:: GIVEN DATA

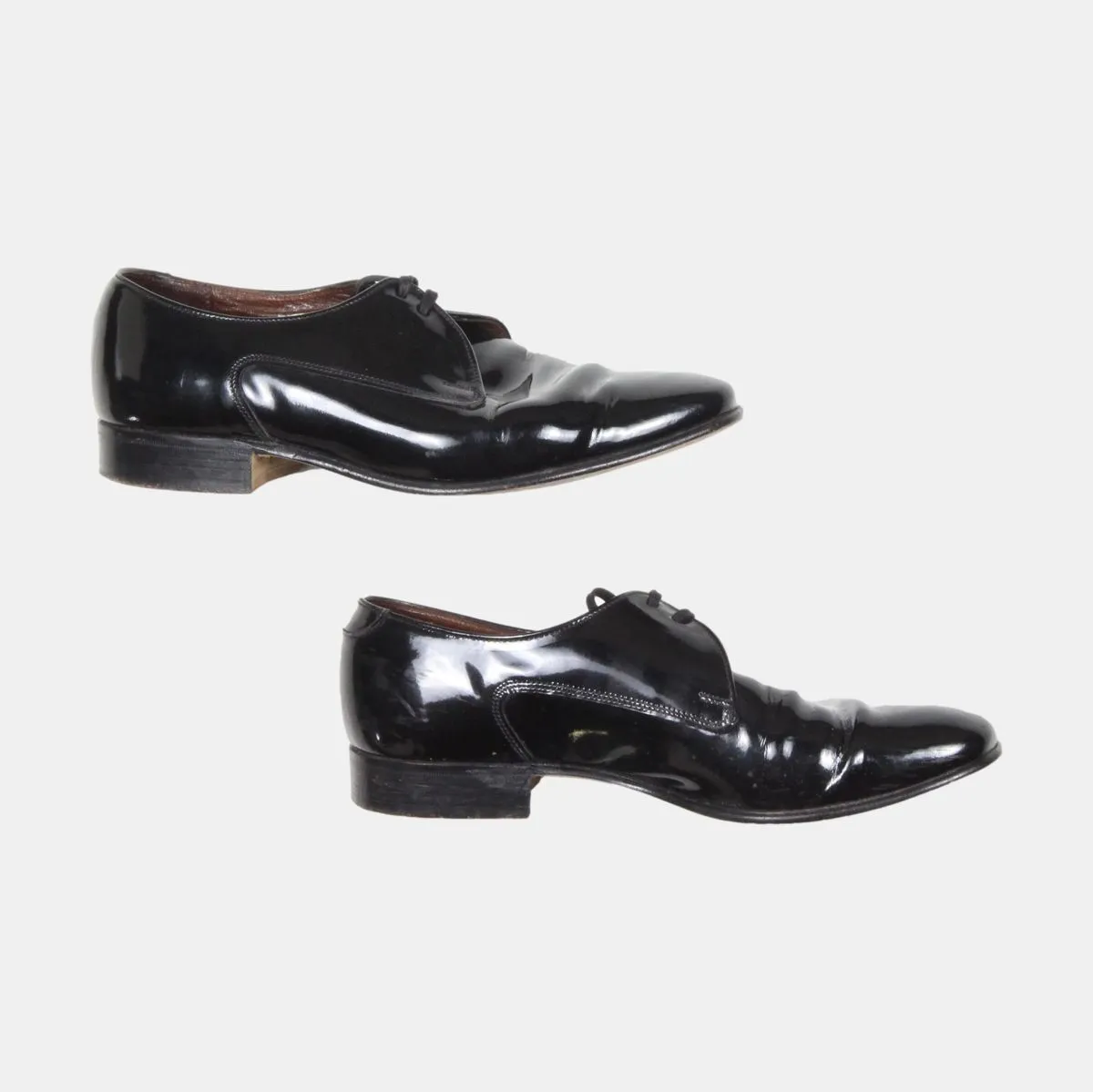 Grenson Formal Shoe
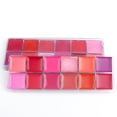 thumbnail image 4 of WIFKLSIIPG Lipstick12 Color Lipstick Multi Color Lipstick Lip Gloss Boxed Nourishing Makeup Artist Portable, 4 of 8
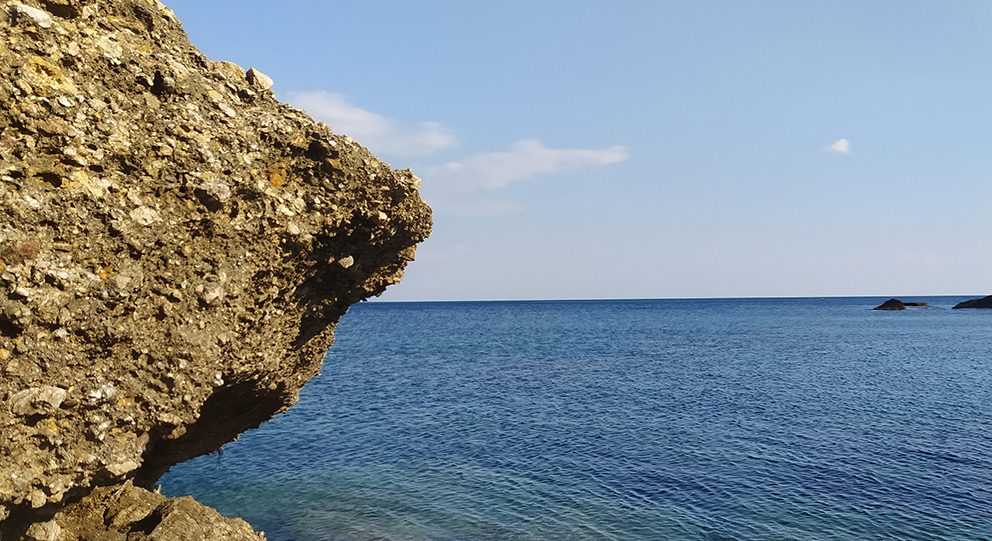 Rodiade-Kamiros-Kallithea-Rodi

::::

## HOW TO COMPLETE THIS TASK
Beginning with the line that contains "thumbnail image 4" and ending with the final line of the listing, return each line exactly. Omit all pictures.

## SOLVED EXERCISE
 thumbnail image 4 of WIFKLSIIPG Lipstick12 Color Lipstick Multi Color Lipstick Lip Gloss Boxed Nourishing Makeup Artist Portable, 4 of 8
 Rodiade-Kamiros-Kallithea-Rodi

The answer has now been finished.